【税務調査】売上の計上もれは「役員賞与」として給与課税されるのか

2019年01月23日

税務調査

 以前と比べて現金取引が非常に少なくなり、売上を除外することはほとんどできなくなりました。しかし、業種によっては鉄くずや金属を買取業者に売却し、現金で受け取るケースがあります。この受け取った現金は「雑収入」として収入に計上しなければなりませんが、意図的か意図的でないかはさておき、収入計上もれが生じやすい項目です。

 買取業者も検収するために車両ナンバーを控えていたり、領収書発行がコンピューター化されていて、データ照会ができたります。現金取引だから収入計上しなくても税務署にばれないというのは安易な考えで、今は簡単にばれます。

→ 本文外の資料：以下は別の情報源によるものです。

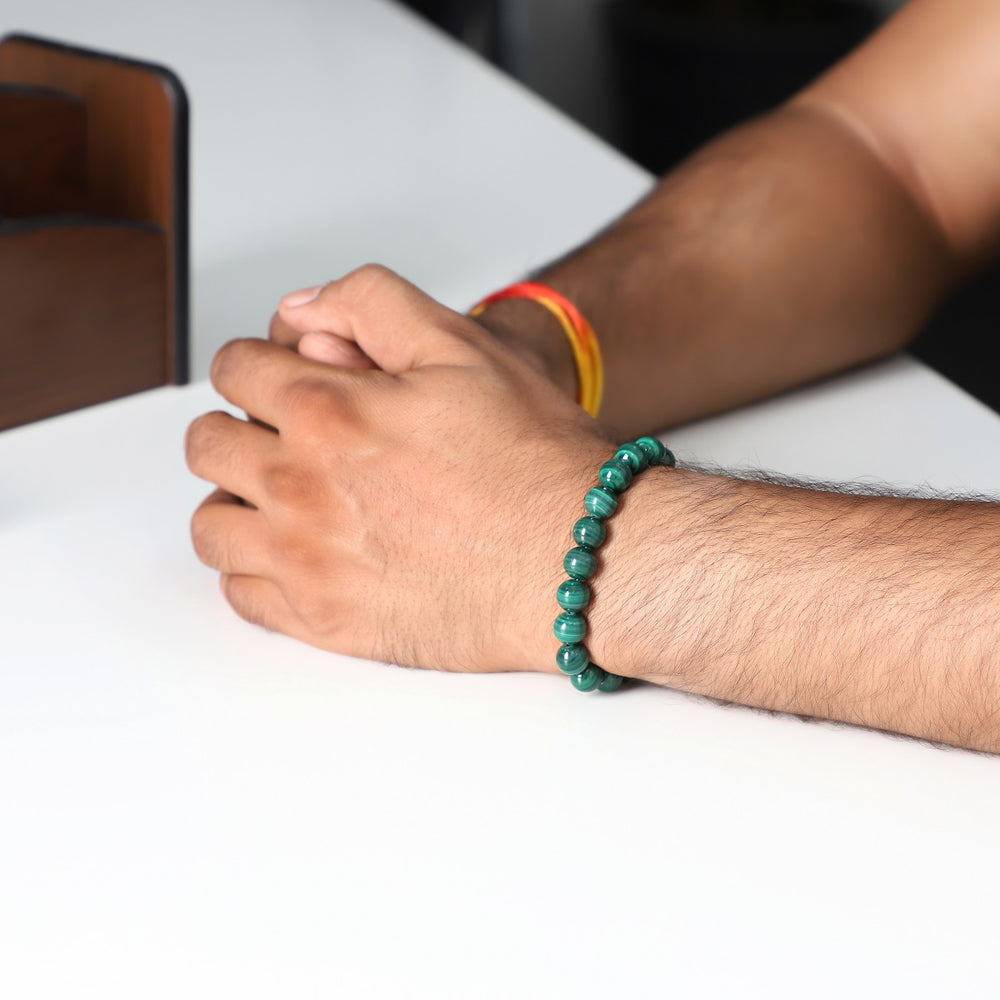 A wrist shot capturing the malachite bead bracelet worn elegantly, showcasing how the bracelet complements various styles.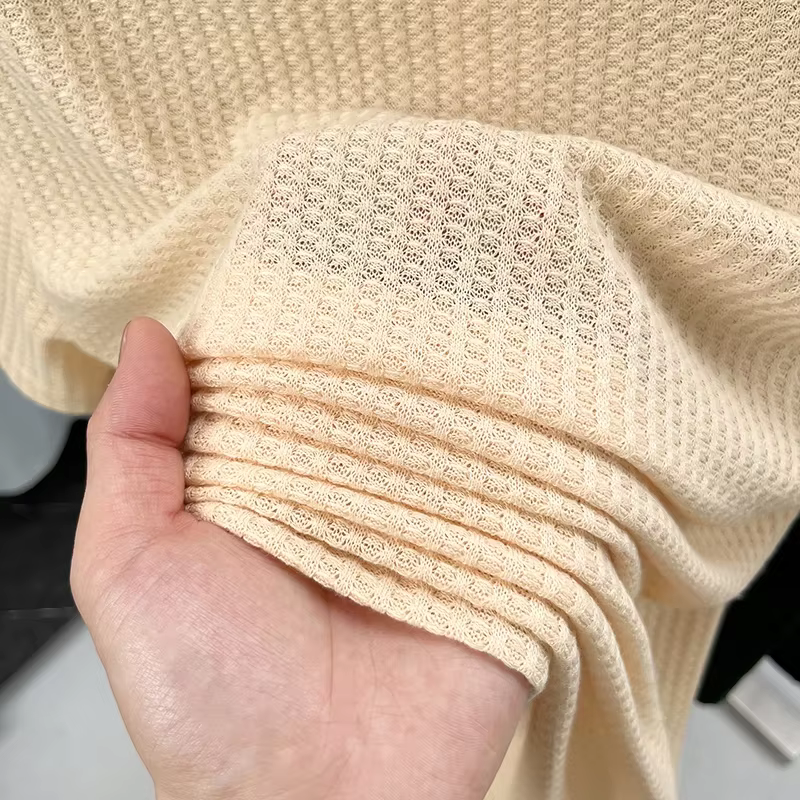Polo homme à séchage rapide en tissu gaufré nid d'abeille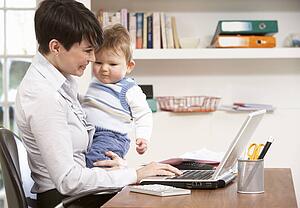 Woman With Baby Working From Home Using Laptop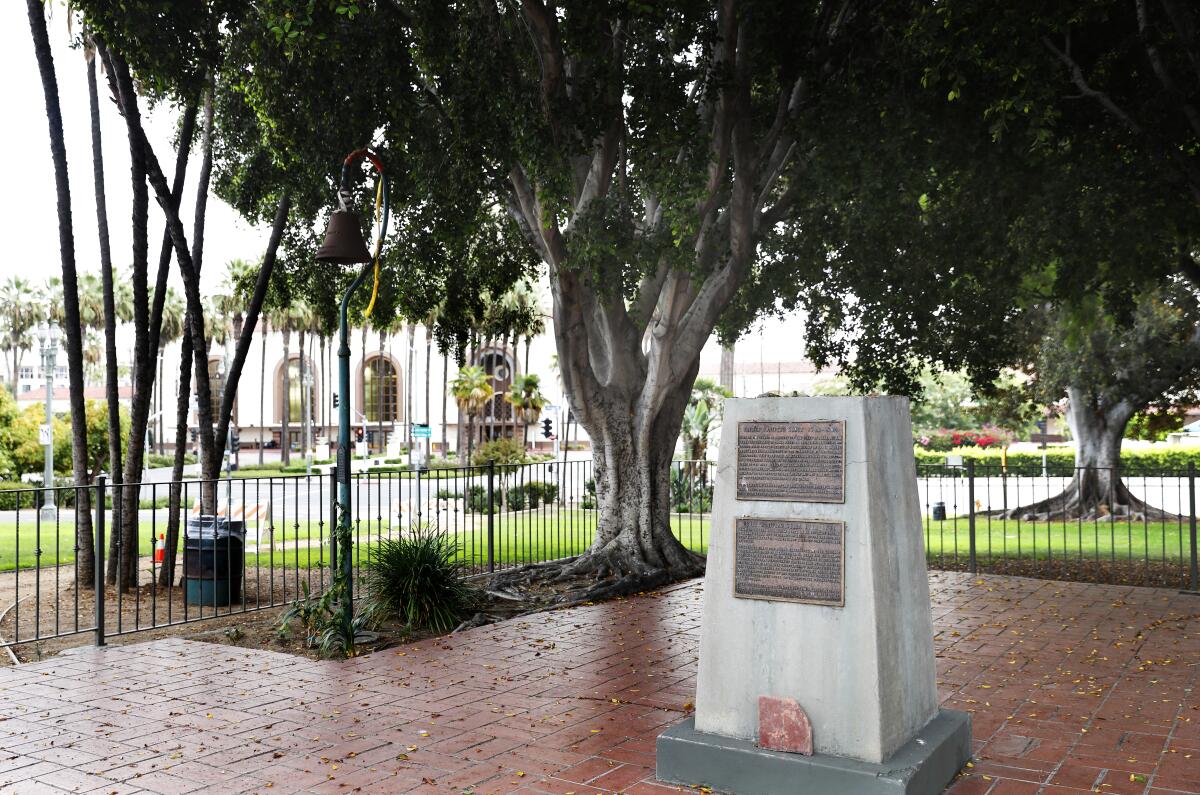 A view of an empty pedestal in Serra Park with Union Station in the far background.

 税務調査で収入計上もれが発覚した場合、会社は本来計上すべきであった収入を計上し、それに対する法人税が追徴課税されます。また、その現金は、一般的には社長が私的に費消していることが大半でしょうから、「役員賞与」として社長に所得税が課税されます。つまり、現金の収入計上もれがあった場合、法人と社長個人にそれぞれ追徴課税され、いわゆるダブルパンチになります。

 弊社では、現金の収入計上もれがあった場合に簡単に「役員賞与」と認定され、社長個人に所得税の追徴課税がされないよう、まずは「貸付金」または「現金」で処理できないか検討し、主張します。

これまでの税務調査で売上計上もれが役員賞与と認定されなかったケースについて教えて下さい。
 現金の収入計上もれがあった場合、こちらから主張しない限り、税務署は役員賞与で処理しようとします。役員賞与で処理できれば法人税だけではなく、所得税も追徴課税できるからです。

 弊社では、
(1)現金の収入計上もれが20万円、現金は会社で管理されておらず、簿外で費消されているケース
(2)現金の収入計上もれが300万円、現金は会社の金庫内で保管されており、費消されていないケース
があります。

(1)のケースは、現金が費消されており、貸付金の主張は困難なため、役員賞与として処理しました。
(2)のケースは、現金は費消されていないため、現金としての処理を主張し、2ヵ月ほど交渉に時間がかかりましたが、役員賞与の認定を回避することができました(税務署は、金額が多額であることを理由に役員賞与として認定しようとしていました)。

 税務調査で収入計上もれがあった場合に、なにも主張、交渉しない限り、税務署は役員賞与として認定し、所得税を追徴課税します。しかし、すべてのケースで「役員賞与」となる訳でもありません。